Die-hard NASCAR fans skew early HOF survey With the half-year mark in the rearview mirror, the NASCAR Hall of Fame is collecting data that points to impressive customer service and satisfied patrons. Survey results were gathered from more than 3,200 visitors who have experienced the NASCAR Hall of Fame since its May 11 grand opening, and the new Charlotte attraction is earning high marks on features like quality of exhibits and artifacts and economic impact.
Among many encouraging results, 84% of visitors to the venue are coming from at least 50 miles away, staying for approximately 2.1 days and traveling with a party size of 3.5 guests. True die-hard NASCAR fans that will do anything, go anywhere for NASCAR. Even more encouraging, 57% of respondents say they’re making the trip primarily to visit the NASCAR Hall of Fame. That’s a significant visitation indicator since the economic impact of these visitors is approximately $191 per person per day – nearly double what Charlotte typically sees from leisure travelers.
“These latest results show the NASCAR Hall of Fame is doing a tremendous job in upholding the CRVA’s commitment to customer service and driving Charlotte tourism,” said Charlotte Regional Visitors Authority CEO Tim Newman. “Patrons have had incredible experiences in the Hall, and we are particularly pleased that the facility is attracting people to the Queen City. Just as we hoped, it is having a positive impact on our hospitality industry.”
In patron satisfaction surveys, out of a possible five points, exhibits received an average of 4.78, friendliness of crew members 4.81, overall quality 4.83, likelihood to recommend 4.70 and likelihood to visit again 4.35. Feedback from initial visitors has been instrumental in measuring and maintaining customer satisfaction.
Hundreds of comments collected from patrons about their overall experience demonstrate this further. “The interactive nature of the Hall of Fame was its strongest feature,” wrote one visitor. “Our two children, ages 5 and 9, had a terrific time and are already asking when we are going to visit again.” The most common theme among anecdotal feedback is that the NASCAR Hall of Fame offered much more than the guest expected.

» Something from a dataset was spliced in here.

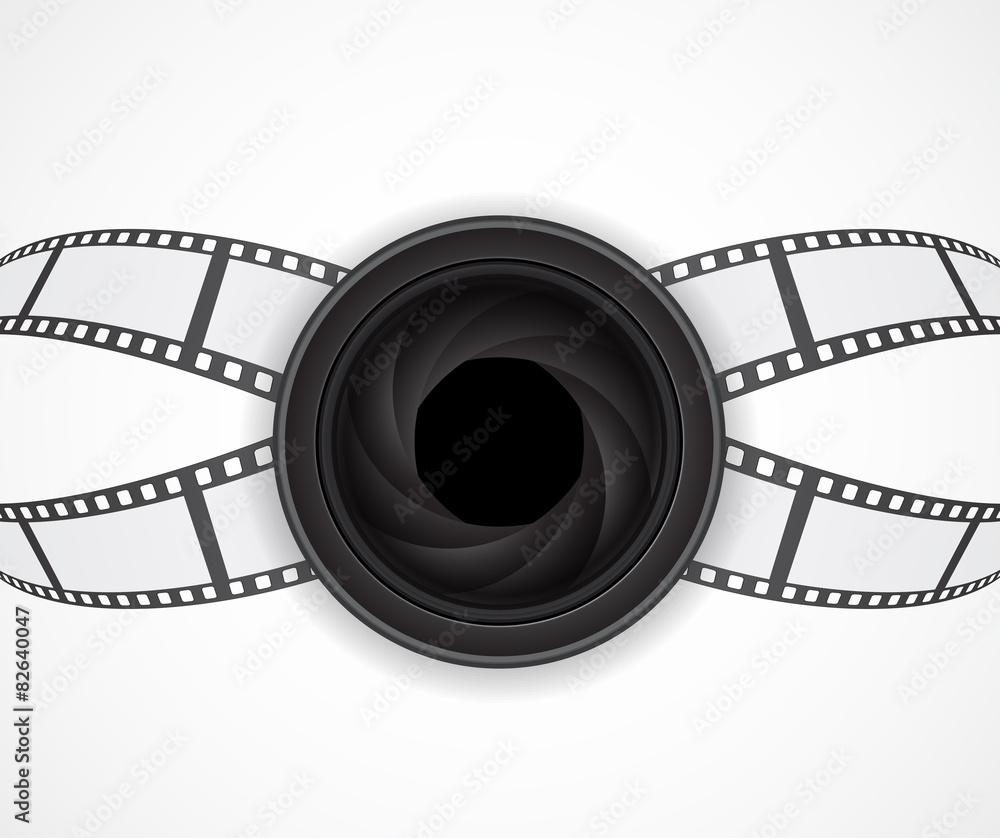 camera lens icon with film strip abstract background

“We have positive momentum from the guest ratings we have received over the last six months, particularly in relation to the excellent ratings in overall experience and the customer service,” said NASCAR Hall of Fame Executive Director Winston Kelley. “We recently had a company reach out asking if we could offer counsel for customer service since they were so impressed with ours. That tells me we are staying true to our mission of making sure each visitor who passes through our doors has a memorable experience.
“We are thankful for the strong foundation we’ve built in just six short months with the guest experience, but we know we need to increase the number of visitors. One of our biggest challenges is educating the public about the breadth and depth of the NASCAR Hall of Fame. We recently evolved our advertising to target families and illustrate the interactive, entertainment nature of the facility. We are not a car museum; we really do have something for everyone regardless of their interest in the sport and our patron surveys validate that claim.”
In the first six months, the NASCAR Hall of Fame has had more than 150,000 visitors and is on pace with similar attractions. According to recent media reports, last year the Pro Football Hall of Fame had 196,205 visitors, the Baseball Hall of Fame had 289,818 and the Rock and Roll Hall of Fame drew 373,604.
In addition to general admission tickets, the NASCAR Hall of Fame generates revenue through a variety of sources. Group sales and facility rentals have been particularly successful, with 773 groups totaling 34,642 individuals visiting the Hall to date and 92 facility rentals for special events of all sizes. Also, approximately 100 on-site special events and promotions activities have occurred at the NASCAR Hall of Fame since it first opened its doors less than 200 days ago.
“We are proud of the brand we have built in the first six months,” said Kelley. “We have to remind ourselves that we are in our infancy. We have a long way to go, but our customers confirm the product is spectacular and, over time, the word-of-mouth advertising will pay dividends.”